Review by M. Reynard 2020
As a born and raised Connecticuter (yes, that is apparently the official term for a CT resident), I have grown up aware of the strange shortage of food that was supposedly quintessential “New England” cuisine. A lot of supposedly New England foods like Vermont cheddar cheese, lobster (and a lot of regional seafood, to be honest) have long been too pricey to be anything more than once-in-a-while indulgences. Others, like baked beans or clam chowder, while more accessible are simply not items that are part of anyone’s everyday repast in this part of the United States.

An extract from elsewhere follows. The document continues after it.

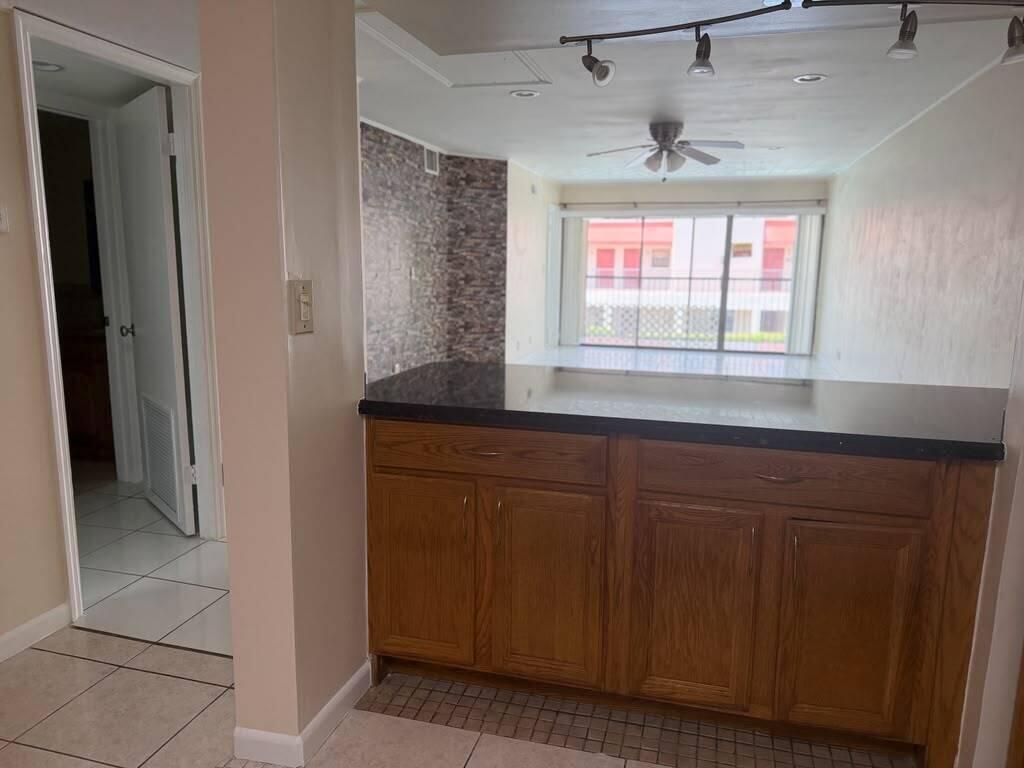 CORAL PLAZA CONDO - Residential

So why this disconnect between so-called New England cuisine and what is actually eaten every day in this corner of the country? Well, finally I have some answers from “The Truth About Baked Beans.” In this informative history, Meg Muckenhoupt uses an abundance of primary resources to document how much of the New England cuisine that supposedly sustained tough, hardworking English-descended American farmers is in fact just an invented narrative built upon various foods not only chosen seemingly at random from pre-Revolution diets but were in no way unique to the American northeast. Meanwhile, the New England foods that actually exist, like the aforementioned cheddar or seafood are often shadows of former industries that have either moved elsewhere or been decimated by climate change or over-extraction.
As a result, reading about all the ways in which most of the cuisine of one’s home is not much more than myth made this something of a sobering read. However, “The Truth ABout Baked Beans” does much more than historical myth-busting. Besides tearing down culinary traditions that never really were, Muckenhoupt also takes time to point out the regional culinary traditions that actually are. Early on, she is quick to remind that New England has as rich an immigrant past as does anywhere else in the nation, with large segments from the region’s population originally hailing (among other places) Italy, Portugal, Francophone Canada, Poland, and more recently from Latin America. These peoples, in turn, have imported their own food traditions that have long been part of everyday diets in the area, contributing heavily to the actual existent culinary history that in recent years appears to be getting increasing overdue recognition after being long overshadowed by mere (and frankly quite bland) myth.
Besides being a fascinating food history in general, this is definitely a read that I plan on recommending heavily to fellow New Englanders whenever possible. Muckenhoupt provides an immense deal of much-appreciated evidence-based clarification about what the food of the northeast is most definitely not, and helpful pointers towards what it actually is.